**INSTRUCTIONS FOR THE TASK**
In the entries that follow, locate the line with "cane adulto che", then restate that line and all later lines exactly as they appear, leaving pictures out.

Image-caption web data:
+===+

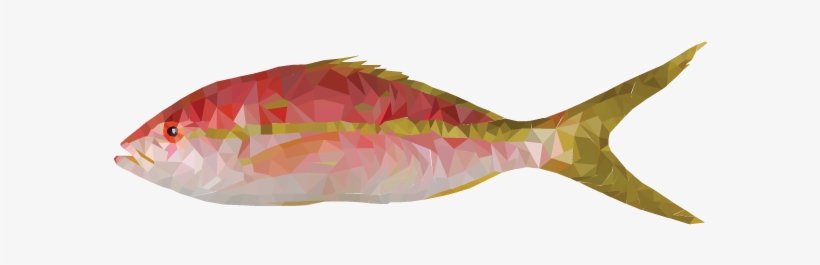 Fish - Wrasses, transparent png download
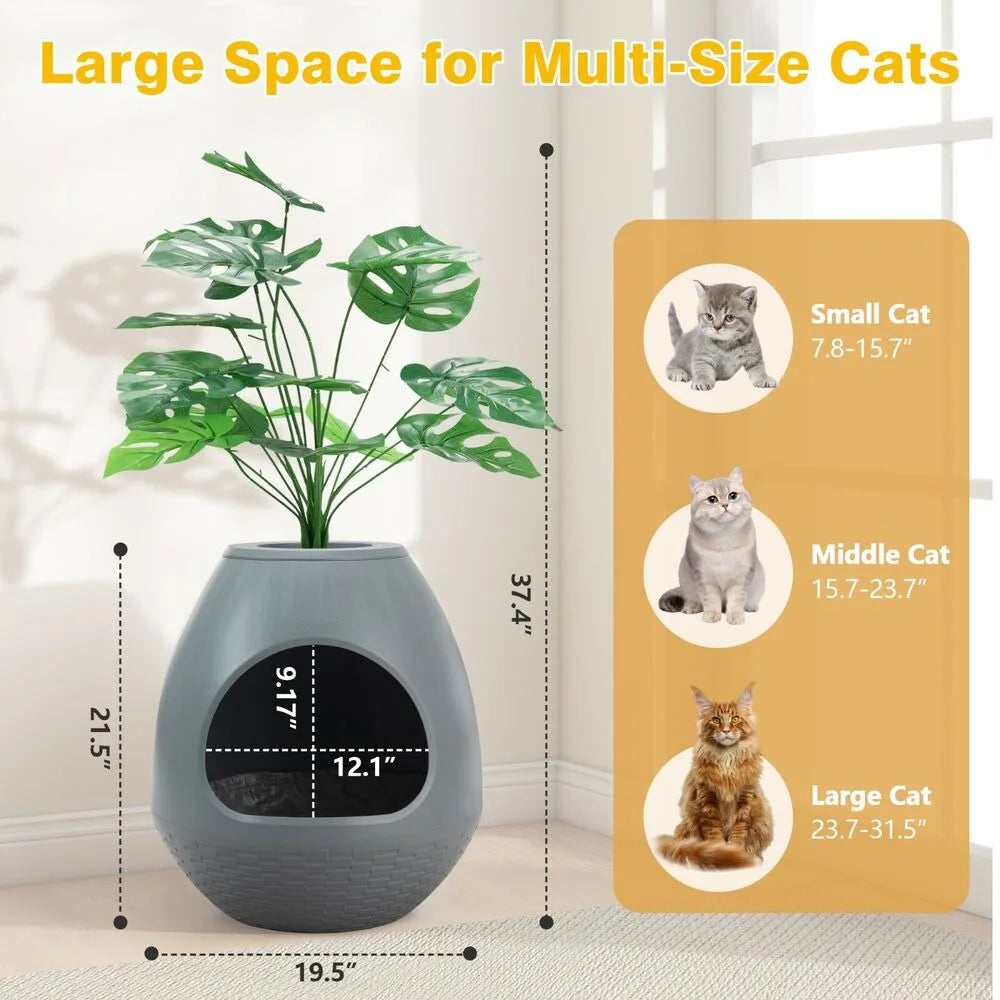 Egg-Shaped Smart Cat Litter Box
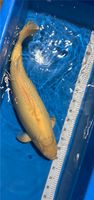 Japan Koi HQ Jumbo Doitsu Karashigoi 70cm - Züchter Izumija 2019 Niedersachsen - Werlte  Vorschau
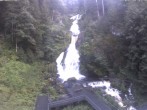 Archiv Foto Webcam Triberg Wasserfall 19:00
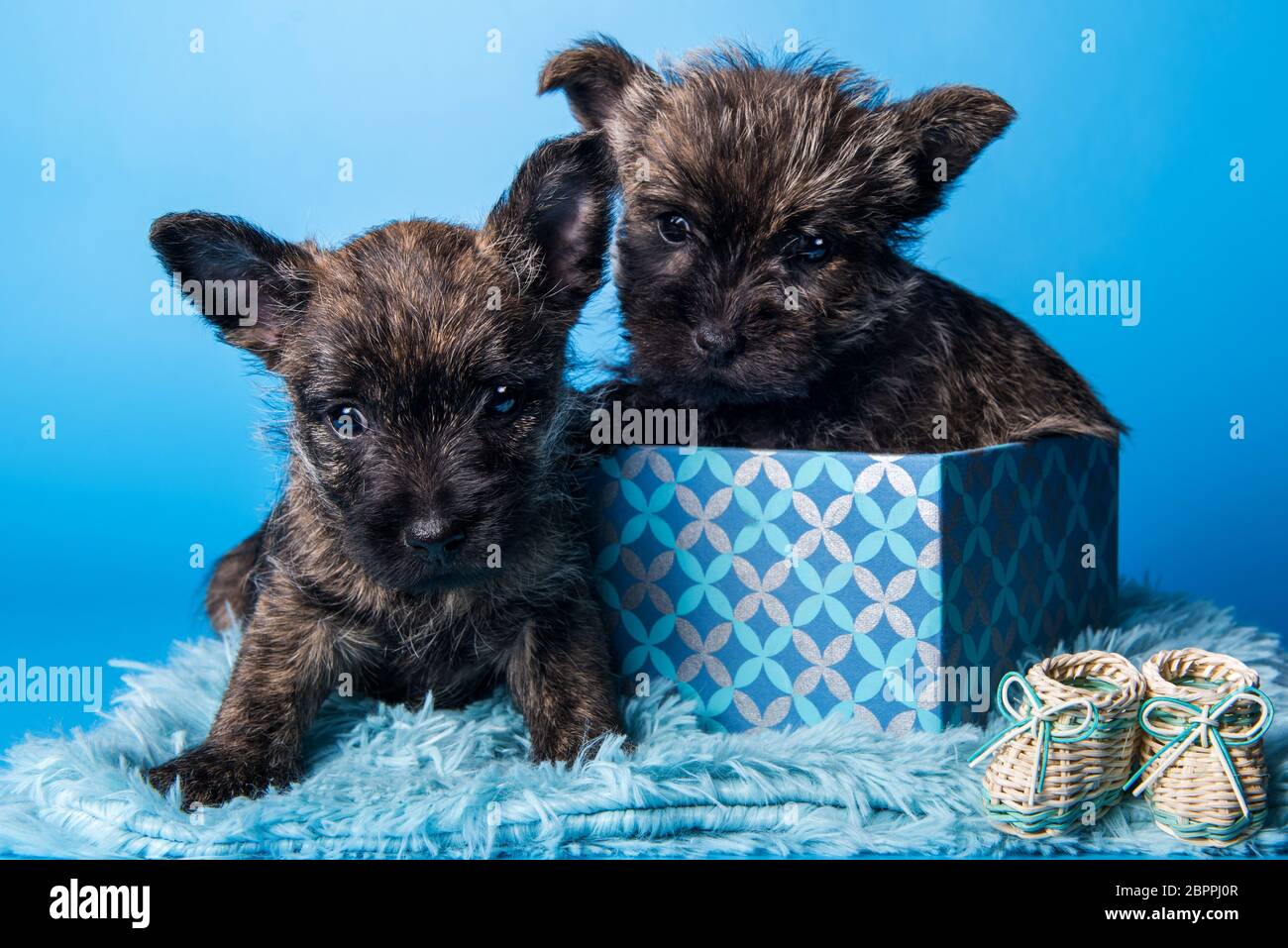 Zwei Hunde der Cairn Terrier Welpen küssen sich Stockfotografie - Alamy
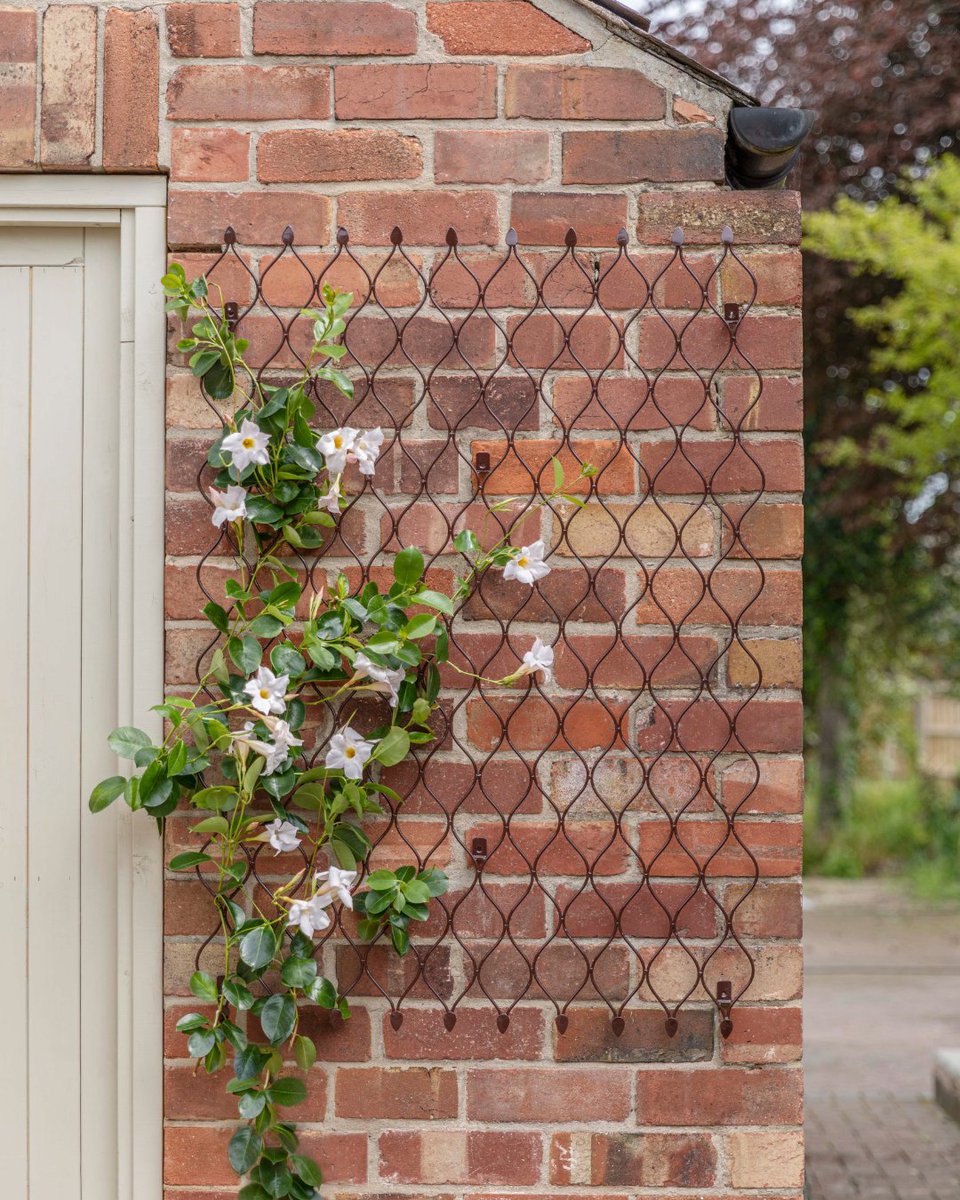 🌱 Spring is on the way! Time to get the garden ready.

What’s the first job on your garden to-do list? 

#SpringGarden #GardenPrep #SpringReady #GardeningLife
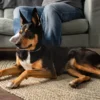 cane adulto che presta attenzione alle proprie zampe in ambiente domestico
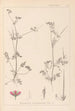 Herbarium francuskiej flory Pl0086 - Louis Antoine Cusin — widok dzieła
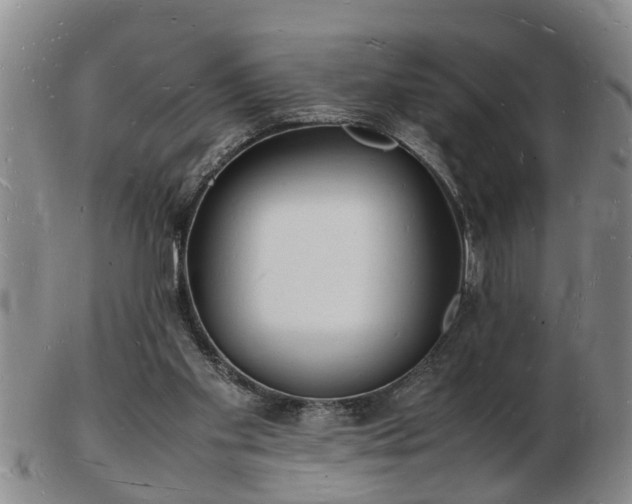 X0000103290109200809051509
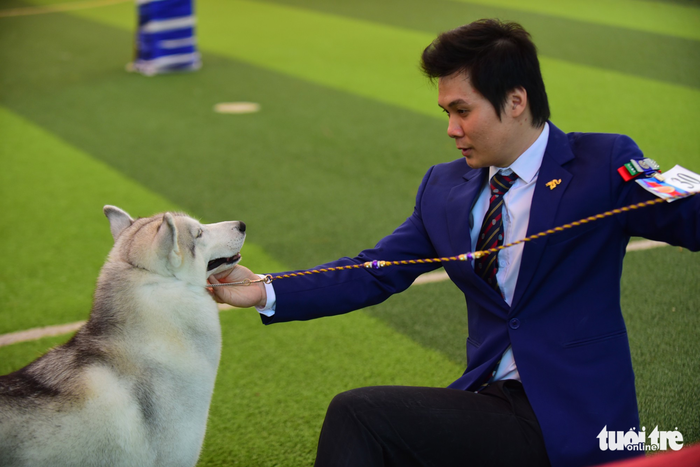 Xem cún cưng tranh tài trong Dog show 2017 tại Sài Gòn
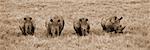 Kenya, Laikipia, Lewa Downs. Un groupe de rhinocéros blancs se nourrit ensemble.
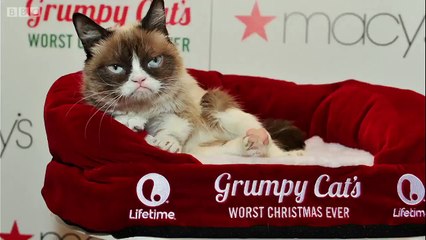 &#39;Somurtkan Kedi&#39; 710 bin dolar tazminat kazandı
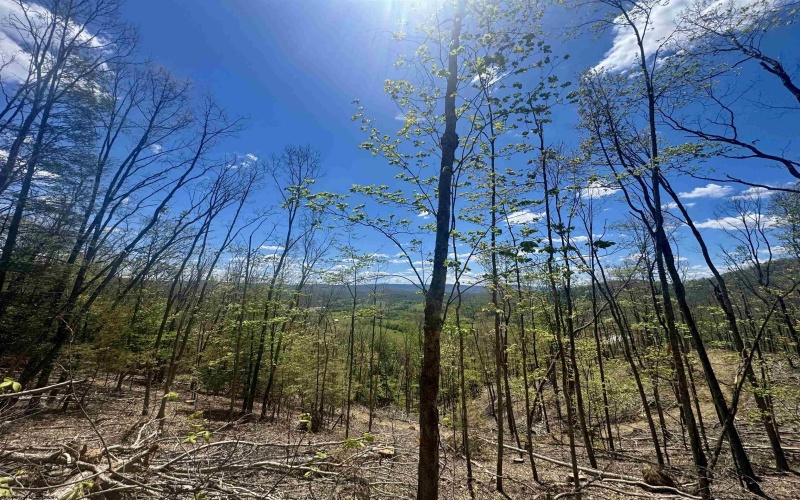 TBD Staunton Parkersburg Turnpike, Durbin, West Virginia 26264, ,Lots/land,For Sale,Staunton Parkersburg,10164996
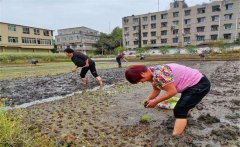 記住西瓜種植的訣竅，可讓西瓜大圓甜掉牙！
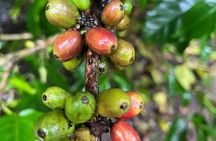 Private Bali Customizable Guided Tour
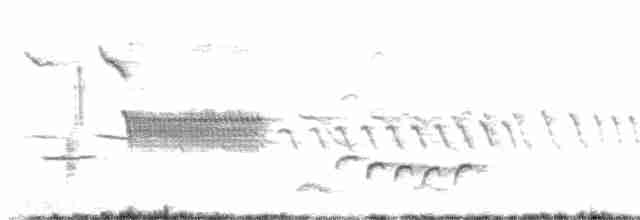 Тремблер прямодзьобий - ML618023535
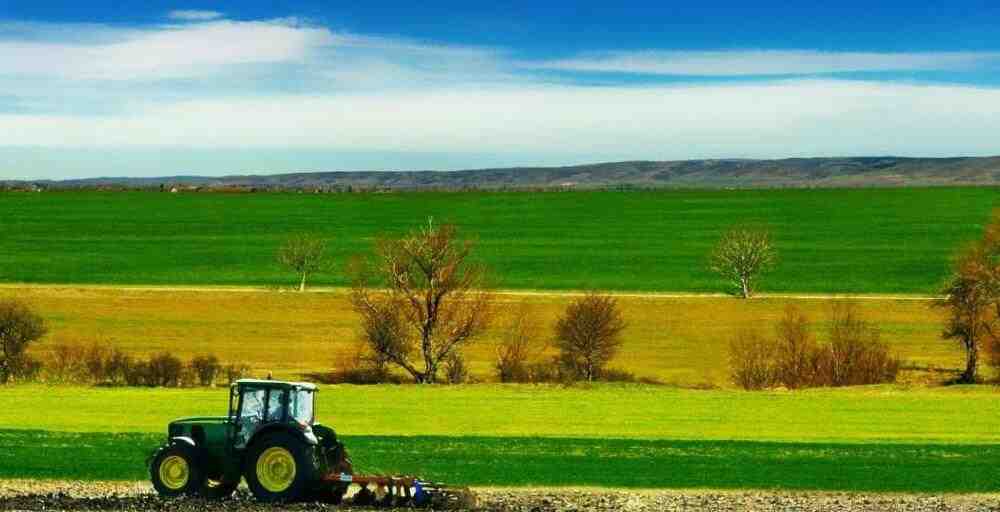 Ауыл шаруашылық өнімдерінің экспорты 1 347,9 долларға жетті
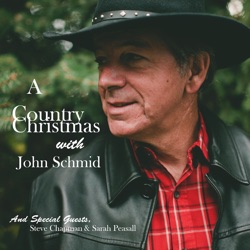 John Schmid - Carol of the Bells (feat. Mykola Dmytrovych Leontovych)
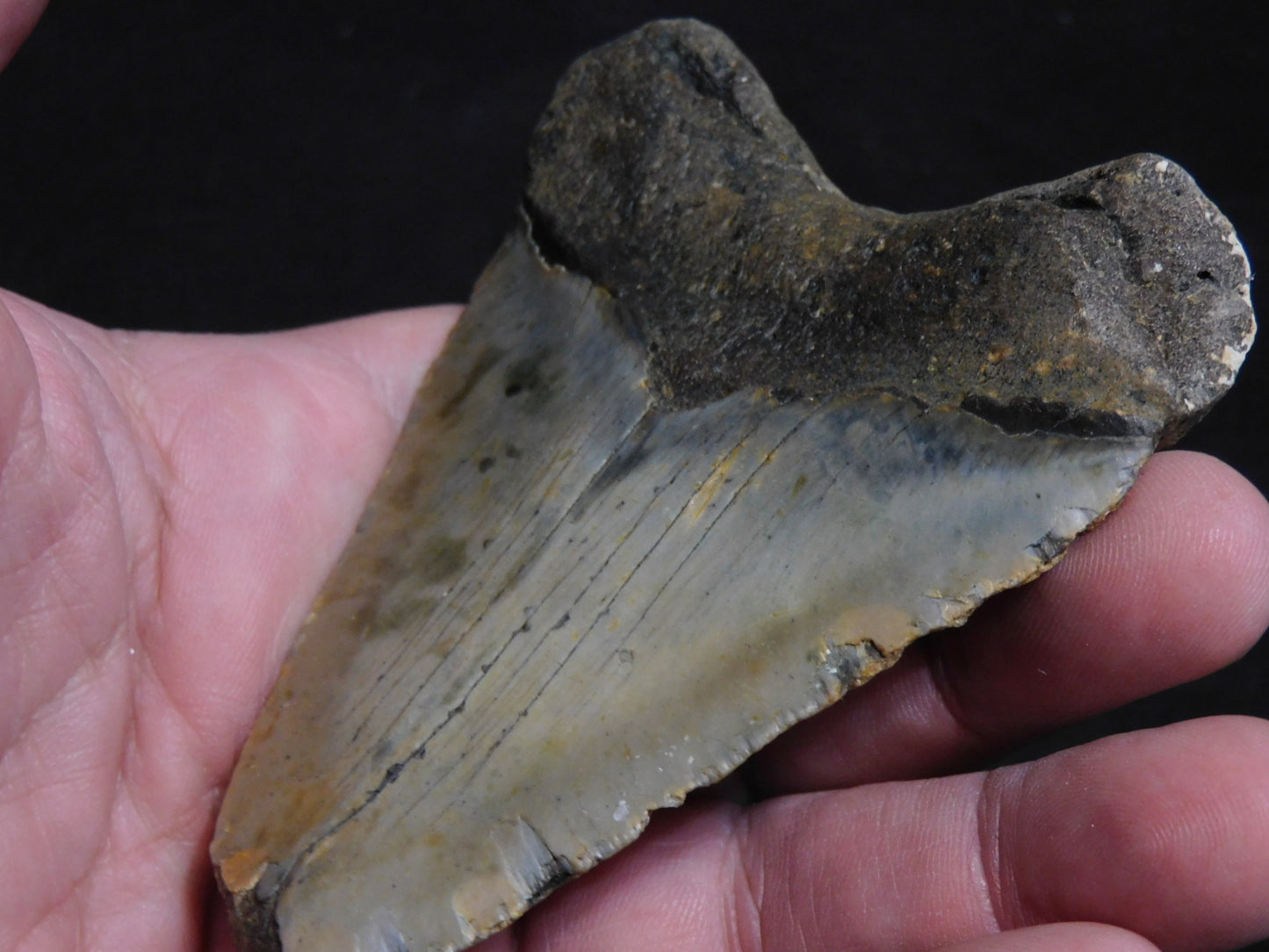 3.6 inch Megalodon Tooth with Barnacle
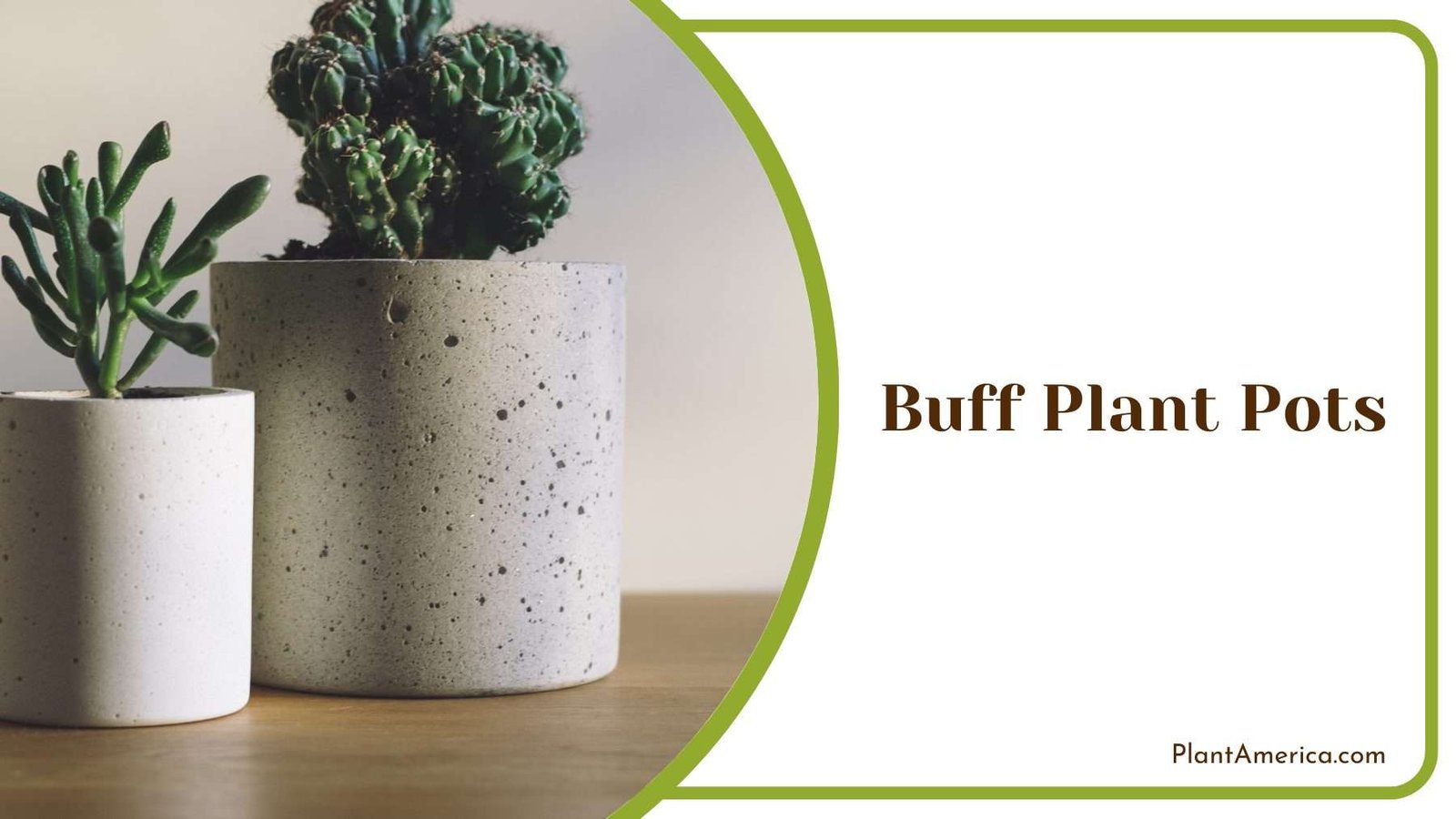 Buff Plant Pots Plant America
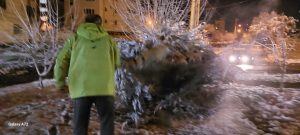 پاکسازی و یخ‌زدایی فضاهای سبزآبیک با نظارت مستقیم مسئول فضای سبز شهرداری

+===+

**OUTPUT FOR THIS EXERCISE**
 cane adulto che presta attenzione alle proprie zampe in ambiente domestico
 Herbarium francuskiej flory Pl0086 - Louis Antoine Cusin — widok dzieła
 X0000103290109200809051509
 Xem cún cưng tranh tài trong Dog show 2017 tại Sài Gòn
 Kenya, Laikipia, Lewa Downs. Un groupe de rhinocéros blancs se nourrit ensemble.
 &#39;Somurtkan Kedi&#39; 710 bin dolar tazminat kazandı
 TBD Staunton Parkersburg Turnpike, Durbin, West Virginia 26264, ,Lots/land,For Sale,Staunton Parkersburg,10164996
 記住西瓜種植的訣竅，可讓西瓜大圓甜掉牙！
 Private Bali Customizable Guided Tour
 Тремблер прямодзьобий - ML618023535
 Ауыл шаруашылық өнімдерінің экспорты 1 347,9 долларға жетті
 John Schmid - Carol of the Bells (feat. Mykola Dmytrovych Leontovych)
 3.6 inch Megalodon Tooth with Barnacle
 Buff Plant Pots Plant America
 پاکسازی و یخ‌زدایی فضاهای سبزآبیک با نظارت مستقیم مسئول فضای سبز شهرداری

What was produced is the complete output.